I have designed the following circuit, comprised of 4 loads, 1 of 4.2ohms and 3 of 21ohms, drawing a total of 2.4Arms (1.5A, 300mA, 300mA and 300mA respectively) of AC current through the secondary of a transformer which outputs 6.3Vrms connected to the mains voltage (120Vrms) through the primary.

enter image description here

However, I have found myself in the need of feeding the last load with DC current instead of AC, so the solution is to add a rectifier and then connect the load to it to draw DC, naturally, adding a ripple filter capacitor and dropping resistor to adjust for 6.3VDC, taking into account the 1.1V drop of the bridge (datasheet).

enter image description here

I have a book on the subject and the author has also a website, and in both he mentions that whatever DC current the last load is drawing will count for twice as much AC current (so a load drawing 300mA DC counts for 600mA of AC) for the transformer, but he doesn’t explain why (I guess it’s obvious?).

Does this mean that the last load along with the rectifier can be substituted for a single load that draws AC current but with half the resistance? Why is this?

My thinking process is that all the rectifier is doing is re-directing the current so that it always flows in the same direction through the load, both in the positive and negative swings of the AC current before it, in my opinion, the transformer should not even know that there is a rectifier, from the transformer points of view there is always a fixed value load drawing current, in any polarity.

I ran a circuit simulation in EveryCircuit without the capacitor and drop resistor and the waveforms match my conclusions, orange is the AC current drawn by a 21ohm load, blue is the DC current drawn by the last 21ohm load after the bridge and green is the AC equivalent of the current drawn by the last load through the bridge.

The DC current after the bridge is the same as the AC current before it, except for the polarity, I don’t understand the difference in current compared to the loads drawing AC though, 420mA peak vs 308mA peak, maybe the crossover distortion due to the bridge?

enter image description here

But still, the current drawn per cycle is the same, it’s just that after rectification the current flows only in one direction, so I don’t see where this extra double current would be going ¿?

If I add the capacitor the waveforms match what I have read, it turns the current drawn into brief spikes instead of more somewhat constant lobes, is this where the extra current is going? But even then, my analogy is that the shape of the curve is like a rope with a fixed length, you can re shape the rope from a sinewave to a square wave or into thin spikes but the length of the rope can’t change because that would mean the area below the curve would change meaning more or less current is being drawn, right?

And if P=V*I and the voltages are fixed, an increase in current would mean an increase of energy per second being consumed but where does this energy go? There is power lost in the bridge and the drop resistor but I don’t see how this would mean a double increase in current drawn.

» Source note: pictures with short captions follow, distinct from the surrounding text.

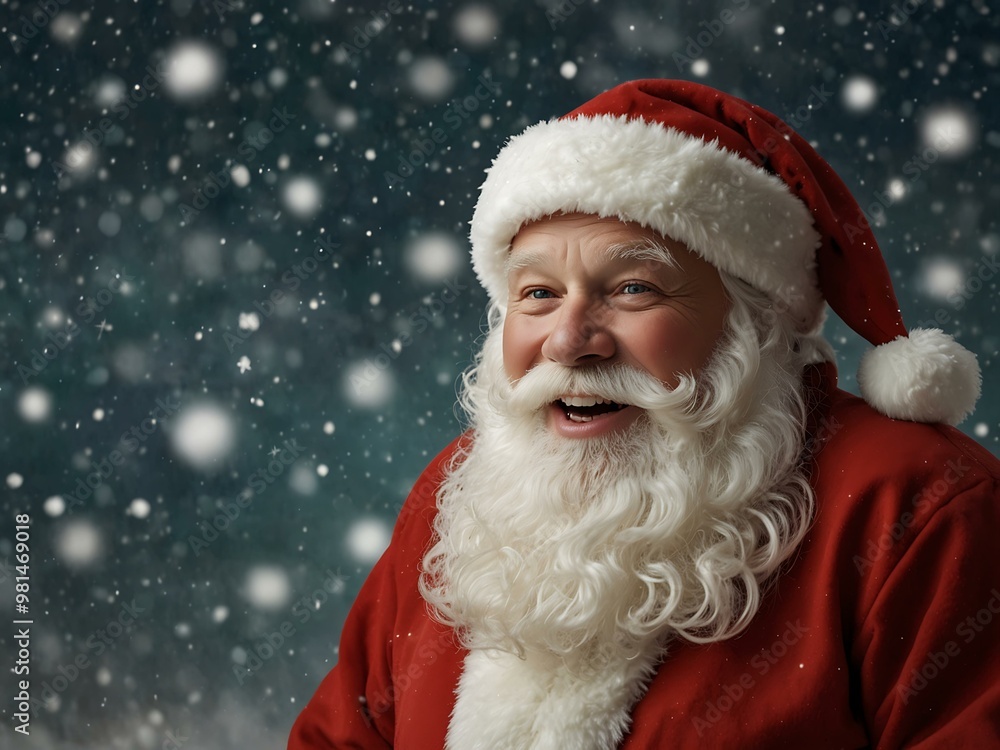 Joyful Santa with a snowy background spreading holiday cheer. Joyful Santa with a snowy background spreading holiday cheer.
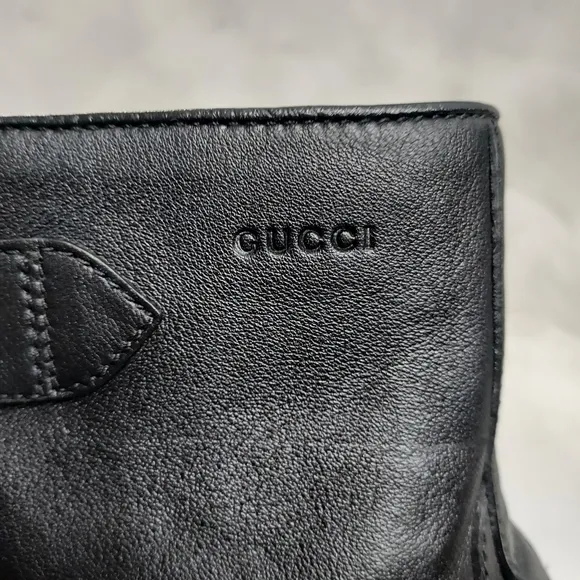 Gucci Black Leather Biker Moto Ankle Boots  Size 37.5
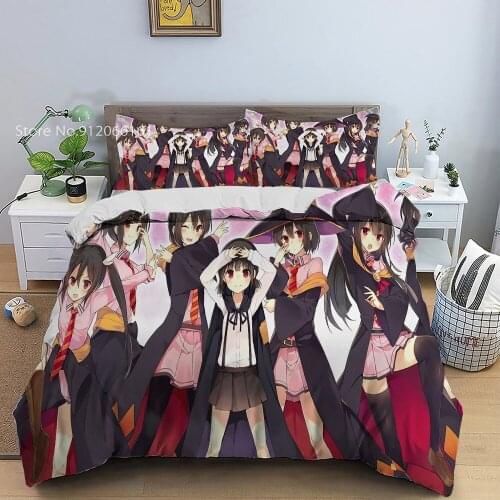 Anime Konosuba bedclothes Witch Soft Quilt Cover God’s Blessing on this Wonderful World Home Textiles 3d print Pillowcases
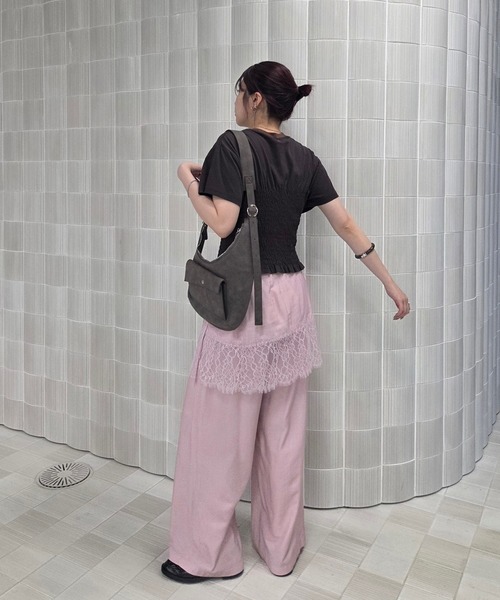 Ameri(アメリ)の「MEDI DENIMLIKE LACE DOCKING LAYERED PANT(その他パンツ・レディース・ピンク/スミクロ/ホワイト・MEDIUM/SMALL)」の8枚目の写真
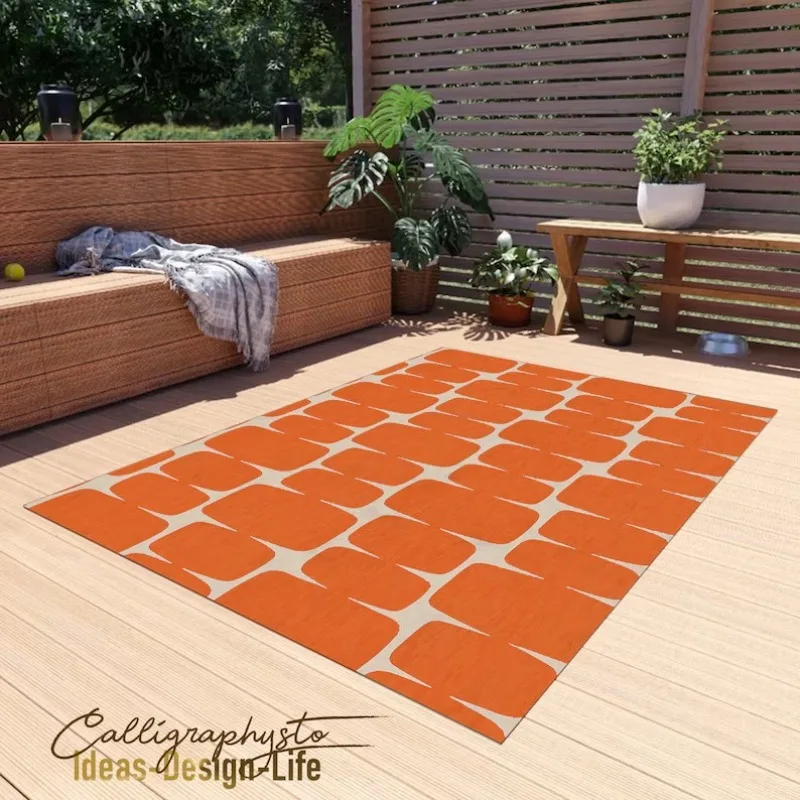 Orange Retro Swirl Carpet Psychedelic Groovy 70s Rug Wavy Trippy Area Rug for Bedroom Aesthetic Retro Rugs Y2k D&eacute;cor Home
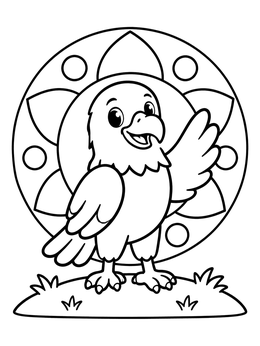 Free printable Friendly Little Eagle Waving coloring page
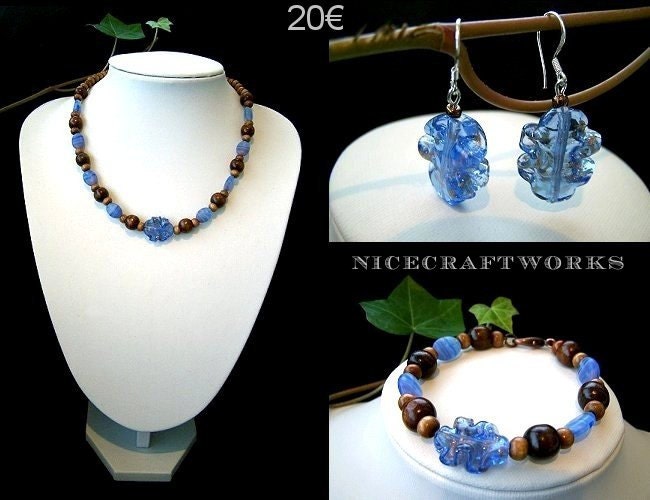 SALE - Blue Brown Glass Leaf Jewelry Set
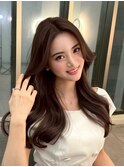 暗髪ウォニョン_ミニウルフチェリーブラウンホワイトグレージュ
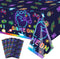 4Pcs Video Game Party Tablecloth - Neon Game On Rectangular Table Covers for Kids Birthday Party Decorations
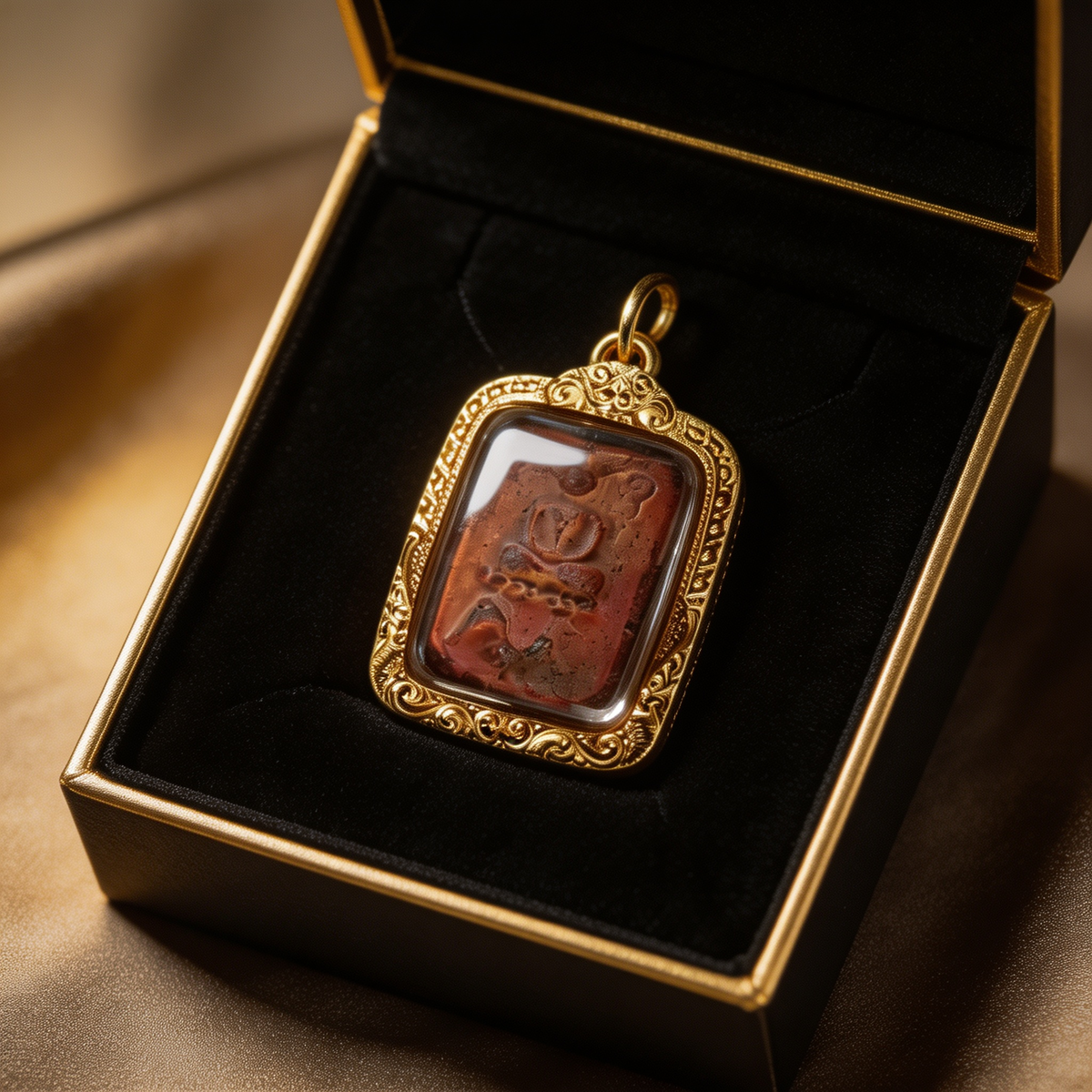 Thailändisches Luang Phor Ruam Amulett (goldfarbener Rahmen, roter Stein), thailändischer Volksanhänger, heiliger Glücksbringer zum Tragen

The reason I’m focusing on current and not voltage is because I need to find a suitable fuse to add between the last AC load and the rectifier, as well as to find a suitable fuse for the primary, I’m aware of current inrush and I will add a thermistor to the circuit later on, but right now, I need to know the steady state current values. So, for the circuit with only AC loads that would mean 2.4A but how much for the circuit with the DC rectified load?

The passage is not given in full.